The roses were still bleeding light.
Lyra stood at the center of the ruined chamber, one hand on the heart, her breath shallow. Around her, the air shimmered with dust and petals. Ursa leaned against a column, breathing hard but alive. Nim perched near the heart's edge, watching in silence.
Crowley muttered, "If we live through this, I'm starting a religion about naps."
But Lyra didn't hear him.
Something inside the heart was moving.
The golden glow pulsed again — slower now, deeper, darker. And from its center, a shape began to rise.
Malgar.
Not flesh anymore, but shadow made solid — a silhouette of smoke and embers wearing his cracked crown. His voice came low and sharp, like the sound of a knife drawn across stone.
"You think it ends like this, child? You think light forgives so easily?"
Lyra stepped forward.
"You're dead."
"Death is for the weak. And you —" he smiled, eyes burning like coals in mist — "you are my blood. You'll never be rid of me."
The roses around the heart began to wilt. Their petals blackened, curling into ash.
Ursa growled. "He's poisoning the bloom!"
"Then burn it out," Lyra said.
Her eyes turned grey again, brighter than stormlight. She raised her sword.
Malgar moved — faster than smoke, faster than thought. His blade, formed of shadow, met hers in a flare of white sparks. The impact hurled them both backward.
The cavern howled.
Lyra struck again, steel against shadow. Each blow lit the air like lightning. Malgar's laughter echoed between strikes — low, cruel, maddening.
"You fight like her," he taunted. "Your mother. So desperate to save what cannot be saved."
Lyra's arm trembled, her breath ragged. "She died saving me."

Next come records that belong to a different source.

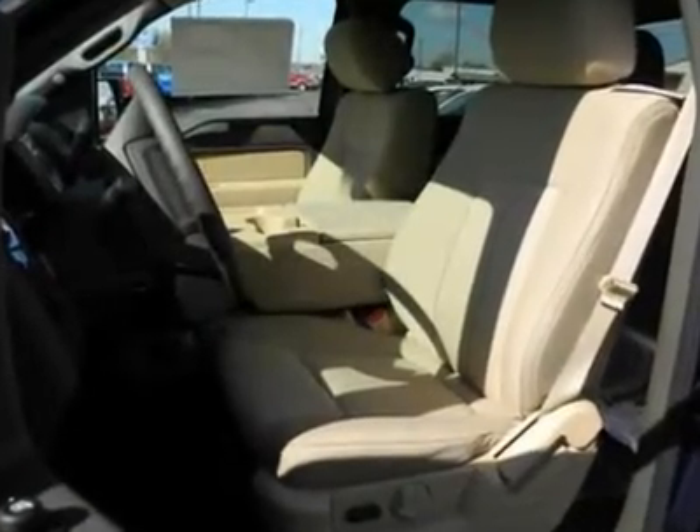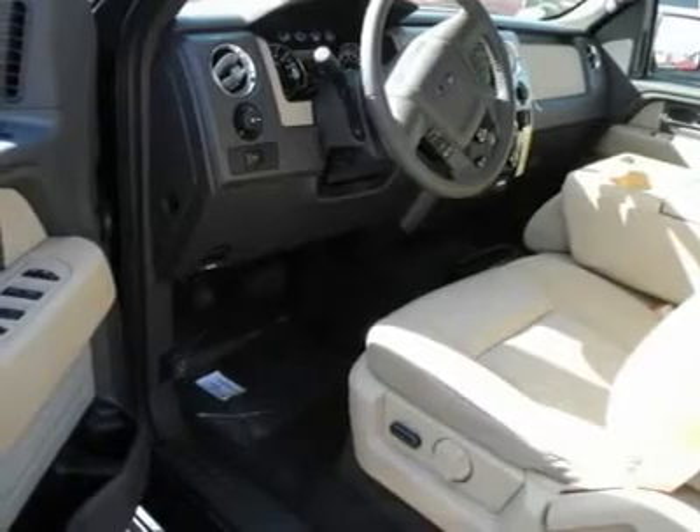Security system. Power windows. Power door locks. Remote keyless entry.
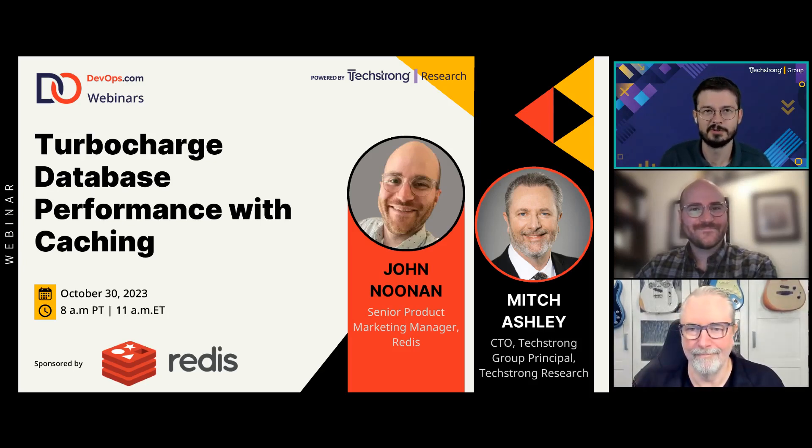Good morning, good afternoon, or good evening depending on where you are in the world, and welcome to this learning experience brought to you by Redis. My name is Cody and welcome back to Tech Strong Learning. We are recording today's session, so if you miss any of our conversation or would like to share with your team, you will be receiving an email with a link to access the recording on demand shortly after we conclude.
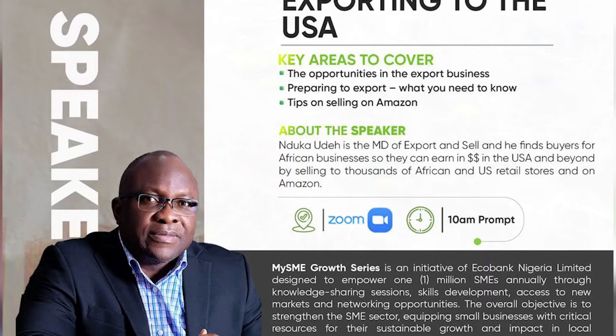Thank you for joining this webinar series as part of the My SME Growth Series powered by ECOBANK. Today we have a very interesting topic and we're going to be talking about earning FX by exporting to the USA and Canada. We all know the condition of the FX and how small businesses are suffering. One of the biggest challenges most SMEs face is how to find buyers abroad, and that's what we're going to be talking about today.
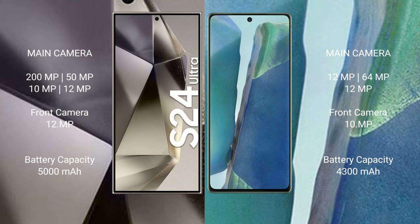Samsung Galaxy S24 Ultra has a 5000mAh battery with 45W fast charging support. Samsung Galaxy Note 20 has a 4300mAh battery with 25W fast charging support. Thank you.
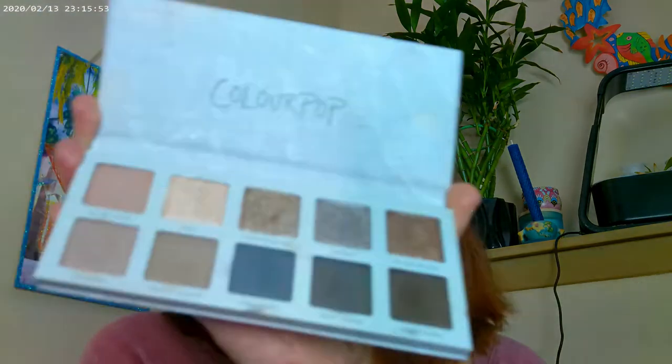I did use the Twist of Slate by ColourPop. I also used the Pretty Fresh concealer by ColourPop as well. Twist of Slate is one of their newer palettes on their website. I used this shade on the inner corner, this one on the lid, and this one on the outer corner, and this really pretty gray under the eyes as an eyeliner. That's what I have on as far as the colors there.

"And look how that turned out."
His blade slid past her guard — slicing her shoulder. Pain flared, hot and cold at once.
Ursa roared, but a wall of vines rose between them, barring his way.
"Face me alone," Malgar said. "Or you'll lose them too."
Lyra steadied herself. The taste of blood filled her mouth. She could feel the heart's pulse behind her — faint, frightened.
> "You don't get to speak of them," she said. "You killed them for fear of your own shadow."
> "No," Malgar hissed. "I killed them because they were weak — because they forgot what it means to rule."
He lunged. She parried, sparks bursting between them. The ground shook.
Every clash sent ripples through the roses — gold turning to red, red to black, black to flame.
Nim's voice broke through the roar. "Lyra! The heart— it's breaking!"
Lyra saw it then — cracks crawling up the crystal's surface. Each pulse weaker than the last.
Malgar smiled.
"Without me, the heart dies. Without the dark, your light fades."
His blade pressed against hers, forcing her down. The shadow spread, swallowing her reflection in the shattered floor.
"You need me, child."
Lyra's breath shuddered. Her vision swam — flashes of memory: her mother's laughter, her father's armor, the bear's warmth, the fox's eyes, the crow's voice.
Then — her mother's words, carried on wind and memory:
"When the dawn seems far, light it yourself."
Lyra's fingers tightened around the sword.
Her eyes flared brighter than ever — not grey now, but silver shot with fire.
"I don't need you," she whispered. "I am the dawn."
She thrust her sword through his chest.
Malgar screamed — the sound tearing through stone and soul. Shadow poured from his form, spiraling upward like smoke fleeing the sun.
The heart exploded in light.
Lyra was thrown backward, crashing to the ground. For a moment, there was nothing — no sight, no sound, no pain.
Then — warmth.
She opened her eyes to see Ursa's massive face above her, Nim trembling beside him, Crowley perched on her hand.
The cavern was gone. The palace stood reborn — vines blooming into walls of living green, light streaming through the cracked ceiling.
Malgar's crown lay before her, whole again, shining softly.
Ursa lowered his head. "It's over, little one."
Lyra looked at the crown. "No. It's begun."
She rose, her wound still bleeding but her stance unbroken. She lifted the crown — not as a trophy, but as a memory.
When she set it upon her head, the heart pulsed one last time — gentle, steady, alive.
The light spread through the palace, across the land, reaching far beyond the thorns. The lost kingdom breathed again.
Lyra stood at its center, sword in hand, eyes bright as dawn.
"For them," she whispered. "For all of us."
And as the first true sunlight broke through the ceiling, the roses bloomed again — this time, forever.